Collection entries
Start of Block

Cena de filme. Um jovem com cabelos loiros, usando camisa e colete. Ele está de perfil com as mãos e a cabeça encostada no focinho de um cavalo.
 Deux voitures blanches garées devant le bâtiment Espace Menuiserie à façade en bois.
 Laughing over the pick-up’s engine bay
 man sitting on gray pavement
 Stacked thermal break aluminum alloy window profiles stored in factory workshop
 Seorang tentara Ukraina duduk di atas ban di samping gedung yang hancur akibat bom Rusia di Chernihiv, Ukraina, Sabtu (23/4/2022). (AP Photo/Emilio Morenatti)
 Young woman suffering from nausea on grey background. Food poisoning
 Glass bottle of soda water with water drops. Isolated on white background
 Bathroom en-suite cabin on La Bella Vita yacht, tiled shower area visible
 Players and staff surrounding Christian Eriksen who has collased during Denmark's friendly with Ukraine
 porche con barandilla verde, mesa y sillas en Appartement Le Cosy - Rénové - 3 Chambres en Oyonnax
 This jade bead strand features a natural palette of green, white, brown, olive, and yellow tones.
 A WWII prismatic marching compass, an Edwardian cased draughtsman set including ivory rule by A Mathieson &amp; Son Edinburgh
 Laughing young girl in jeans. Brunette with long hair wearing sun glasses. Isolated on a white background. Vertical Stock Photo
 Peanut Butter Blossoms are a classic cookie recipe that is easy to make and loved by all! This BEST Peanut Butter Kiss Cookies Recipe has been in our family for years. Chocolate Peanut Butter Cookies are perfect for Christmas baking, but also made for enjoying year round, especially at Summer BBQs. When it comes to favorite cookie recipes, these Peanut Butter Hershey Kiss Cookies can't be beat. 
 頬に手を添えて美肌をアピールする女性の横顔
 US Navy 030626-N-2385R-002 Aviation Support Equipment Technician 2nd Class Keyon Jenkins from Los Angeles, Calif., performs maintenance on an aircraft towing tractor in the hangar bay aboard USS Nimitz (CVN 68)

End of Block

All that should be written out is the stretch of lines above between the one holding "Deux voitures blanches" and the one holding "Stacked thermal break", inclusive, exactly as given.

Exercise output -
 Deux voitures blanches garées devant le bâtiment Espace Menuiserie à façade en bois.
 Laughing over the pick-up’s engine bay
 man sitting on gray pavement
 Stacked thermal break aluminum alloy window profiles stored in factory workshop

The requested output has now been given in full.